Mike Jackson wrote:



On May 8, 2008, at 11:08 AM, Bill Hoffman wrote:

Mike Jackson wrote:

On Thu, May 8, 2008 at 10:42 AM, Sean McBride <[EMAIL PROTECTED] <mailto:[EMAIL PROTECTED]>> wrote:

    On 5/7/08 3:52 PM, jonathan grimm said:

    >paraview CVS xcodebuild is no longer working.  On a Mac Pro 16GB
    ram with
    >10.5.  I checked and xcodebuild is a 32 bit executable.
    >Makefiles work on the same machine.
    >Is there anything that can be done about this?  The .xcodeproj is
    only 14
    >MB.

    Not working how?  It crashes? it's stuck in an infinite loop? what?
Which version of CMake? Of paraview? Of Xcode? You're not telling
    enough for anyone to help.

Runs out of memory and dies. I sent stuff to apple a while ago and they sort of said it was too big. No one would create something like this by hand because it is too much work. Sad part is visual studio handles projects this size with no problem at all.

-Bill




Did Apple offer any other advice on how to reduce the memory footprint? If it is just the fact of a project file being too large then almost all hope is shot.. but there are a few things to look at.
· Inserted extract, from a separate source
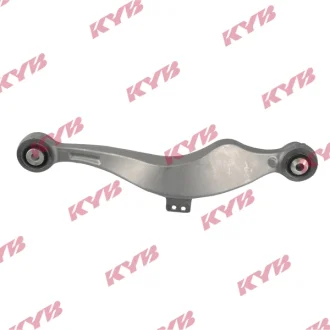 Автозапчасть KYB KSC5158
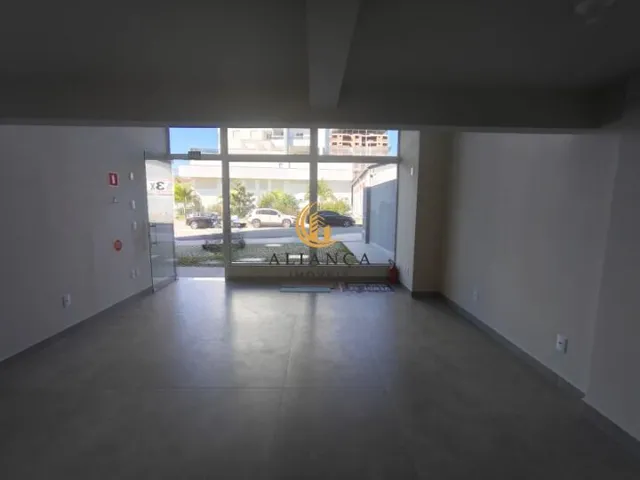 Imagem 5: Loja em Estreito, Florianópolis/Sc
1: Create an Xcode project that uses makefiles instead of its own build system internals but listing all the files may be the problem here.

I think it maybe just listing the files.

2: Create the Xcode project that contains project references to subprojects (in the case of paraview, each subdirectory would have its own project file, like vtk, etc). This may make each project file smaller and therefor loadable by Xcode. This does mean that using Xcode now requires lots of windows to be open but that may be the price that is paid for Apples inability to create a project file that scales well.


This is one option. However, last time I looked at it, there was no way to make sure dependent things are built in the correct order using this model.

Now knowing where the problem lies I am just guessing at this point on how to reduce the memory footprint so the Xcode project scales better.. or the CMake team has just found the limit for Xcode and that is how the world works in "Apple Land".

I sort of gave up when I first did the Xcode stuff after a few emails to Apple. I really don't have the time/funding to look into this further. However, if someone else wants to create a bug report for Apple, that would be great.